Back in March I celebrated 2 years of blogging. I know for a little blog like mine no biggie. Such I smallie I completely missed it. Well. Actually. I thought about it, but was insanely busy that month to do anything special to celebrate.
Then came April and more events and well May was fun with going out of town and then stressful because I moved and well now we are in June. And in case you have not been paying attention I have been doing a food magazine of the month feature (inspired by here) (well I missed last month because some how I lost my camera cord in the move, well I knew where it was I just couldn’t find it but Eric did so now I have it and now I can edit the pics for that magazine and do the review late). So to make up for lost time I thought I would celebrate big! Big as in with giveaways and tasty recipes.
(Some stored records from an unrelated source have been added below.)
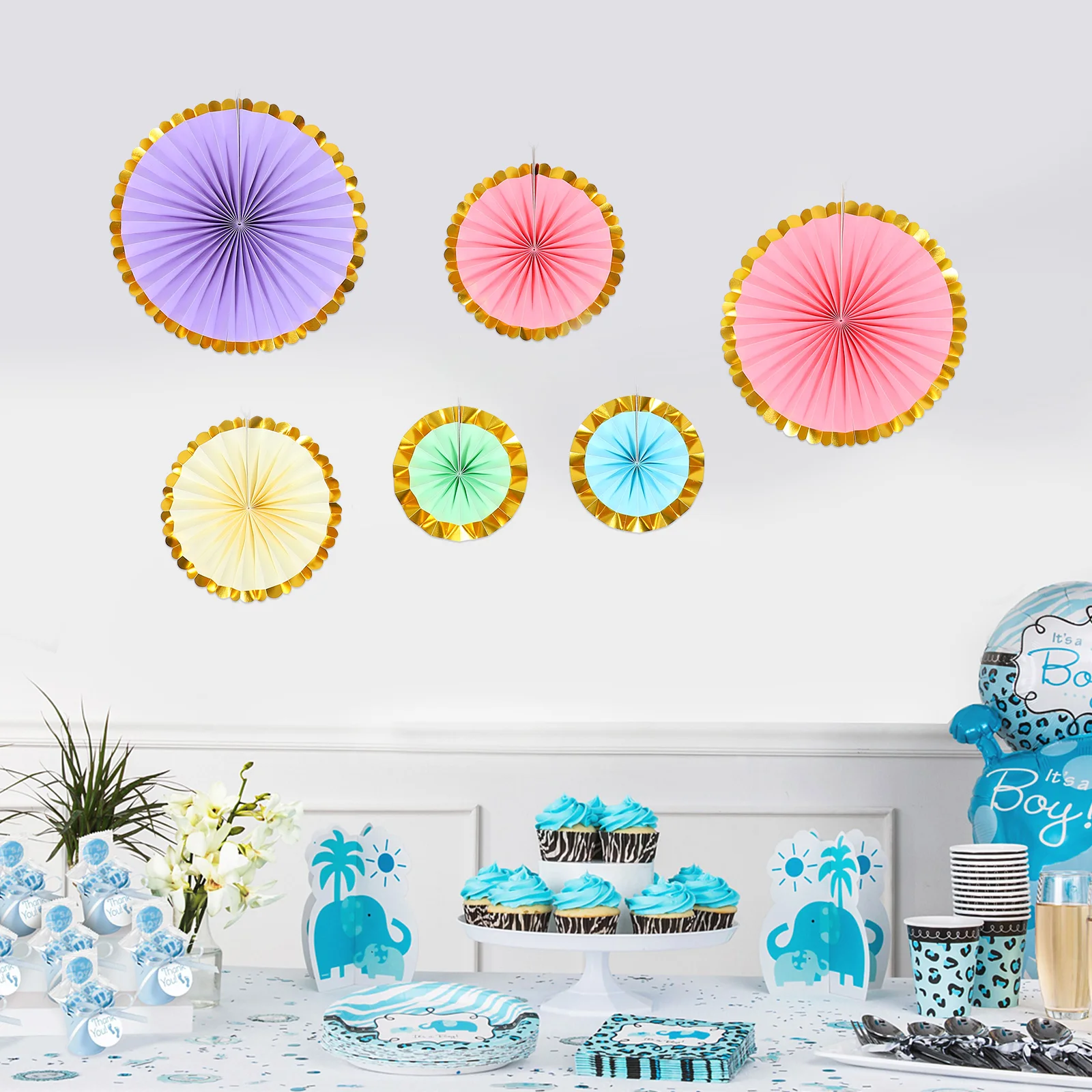 

6 Pcs Folding Paper Fan Flower Decoration Bride Fans Decorations Party Adornments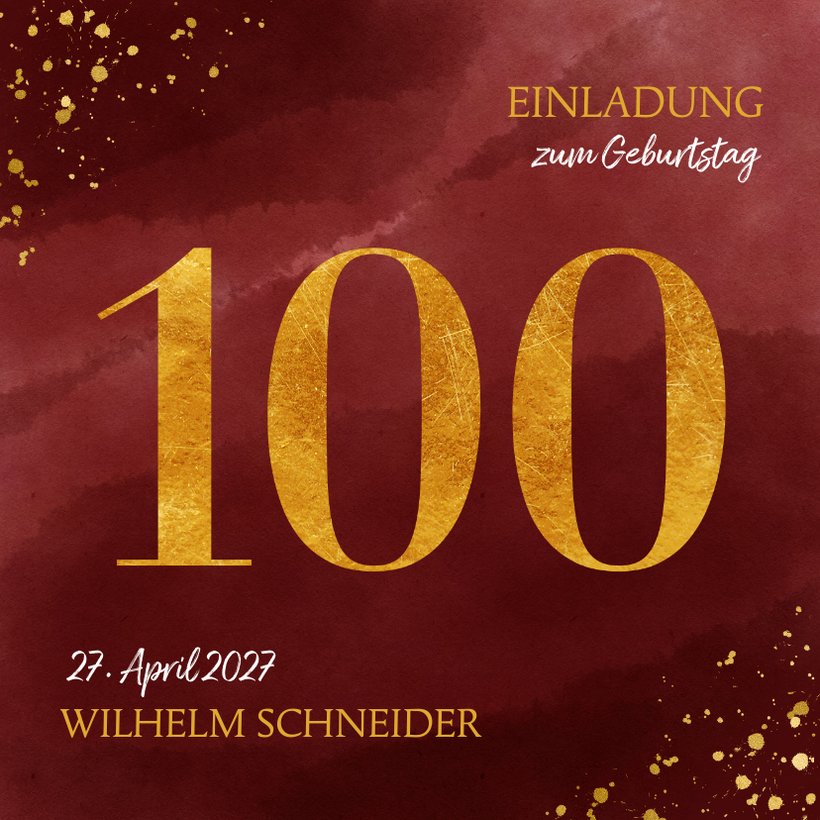 Einladung zum 100. Geburtstag dunkelrot Send a Smile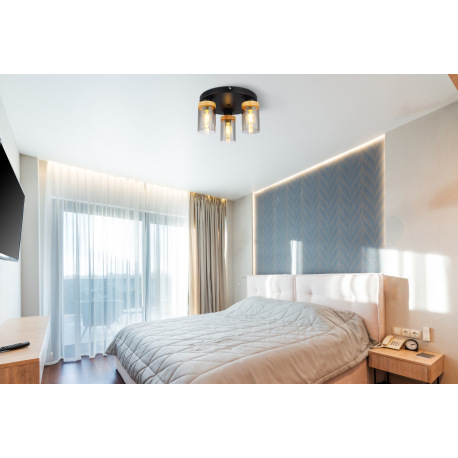 Stropné svietidlo, kov čierny, drevo, dymové sklo, ø: 390mm, V:210mm, bez žiaroviek 3x E27, max. 40W 1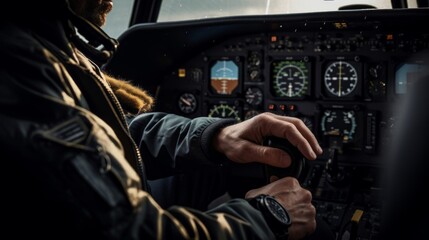 Intense close-up of pilot's hands gripping yoke and throttle during challenging takeoff softly lit cockpit bright daylight conditions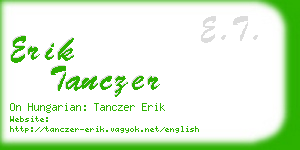 erik tanczer business card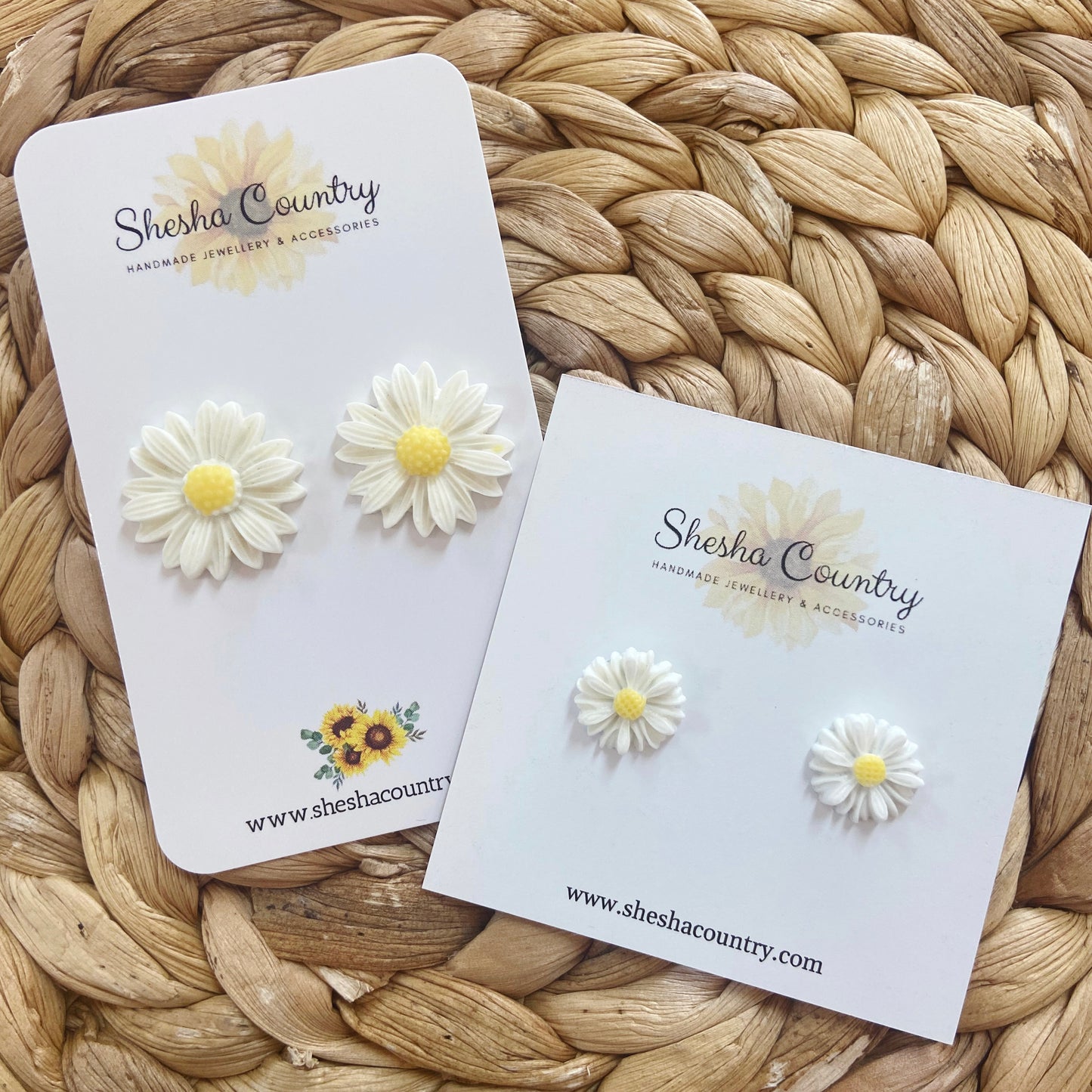 Daisy White Studs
So here is the run down: One of my favorite blogs (Taste and Tell) does a Saturday’s with Rachael Ray segment. I have quite a few RR recipes in my trusty blue binder from her magazine. So I knew when I started this MOM feature I would do RR’s magazine one month. Then I thought that it would be fun to play along and participate in Saturday’s with Rachael Ray (are you following me??). So for the month of June every Saturday I will feature an “Everyday with RR” recipe AND to celebrate my b-lated 2 year bloggerversary I will host a giveaway every Saturday for the month of June too!
Today’s giveaway is found here! So go enter! (each giveaway will run Saturday to the following Saturday for the month of June)
And now for the recipe (finally… right?)! This was a fun take on the meatball sub! Instead of serving chili dogs at your next sporting event or summer gathering make the Chili Meatball Subs!
Chili Meatball Subs
Prep Time: 10 minutes Cook Time: 30-35 minutes Serves 6
1 pound ground beef
1 onion, one-half finely chopped, one-half thinly sliced
1 cup corn chips, such as Fritos, crushed
1 large egg, lightly beaten
1 tablespoon chili powder
1/2 cup beef broth
Salt and Pepper
1 tablespoon extra-virgin olive oil
1 (28-ounce) can chopped tomatoes
1 (15-ounce) can black beans
6 sandwich rolls, split halfway and toasted
2 cups shredded pepper jack cheese (about 8 ounces)
In a large bowl, combine the ground beef, chopped onion, 1/2 cup crushed corn chips, the egg, chili powder, and beef broth. Shape into 1-inch balls.
In a large saucepan, heat the olive oil over medium heat. Add the sliced onion and cook until softened, about 3 minutes. Stir in the tomatoes and the remaining 1/2 cup crushed corn chips and bring to a boil. Add the meatballs to the sauce, cover and simmer until the meatballs are cooked through, about 20 minutes. Stir in the beans and cook just until heated through, about 5 minutes.
Preheat the broiler. Using a slotted spoon, spoon the chili meatballs and sauce into the toasted rolls, then top with the cheese. Broil until the cheese is melted, about 2 minutes.